The opinion explained that the Court will only change a PUCO decision if it finds the commission order was “unlawful or unreasonable.”  The Court determined the opponents did not demonstrate that the PUCO’s decision was unlawful or unreasonable.

Chief Justice Maureen O’Connor and Justices Patrick F. Fischer and R. Patrick DeWine joined the majority opinion.

Not All Business Costs Recoverable, Dissent Argues
In his dissent, Justice O’Donnell asserted that the PUCO failed to consider whether the cleanup costs were spent on property that was used or useful in rendering services during the test period.
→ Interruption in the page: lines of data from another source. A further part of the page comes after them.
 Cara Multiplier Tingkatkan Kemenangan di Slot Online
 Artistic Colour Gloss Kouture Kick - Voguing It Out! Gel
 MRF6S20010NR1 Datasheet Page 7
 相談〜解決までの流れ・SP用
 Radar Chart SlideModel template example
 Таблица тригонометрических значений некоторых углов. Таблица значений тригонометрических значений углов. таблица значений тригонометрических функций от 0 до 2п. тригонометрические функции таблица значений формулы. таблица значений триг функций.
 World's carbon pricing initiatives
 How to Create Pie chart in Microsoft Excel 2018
He explained that “not all business costs are recoverable pursuant to R.C. 4909.15(A)(4); only costs incurred in ‘rendering the public utility service for the test period’ are recoverable.” Justice O’Donnell concluded that if property is not used and useful for purposes of R.C. 4909.15(A)(1) “such that the utility may recover a fair and reasonable rate of return on its investment in the property from its customers in accordance with R.C. 4909.15(A)(2), the cost associated with the environmental remediation of the unused, useless property necessarily is not a cost incurred in ‘rendering the public utility service for the test period’ such that the utility may recover the cost from its customers pursuant to R.C. 4909.15(A)(4).”  

He urged that the Ohio Edison precedent should be followed and the company’s motives for incurring the expense do not determine if it was used for providing utility service.

Justice O’Donnell would reverse the PUCO’s decision and remand the case to the PUCO to consider if all, part, or none of the remediation costs were spent on property that was used or useful in providing service during the test period.

Justices Sharon L. Kennedy and William M. O’Neill joined Justice O’Donnell’s dissent.

2014-0328. In re Application of Duke Energy Ohio Inc., Slip Opinion No. 2017-Ohio-5536.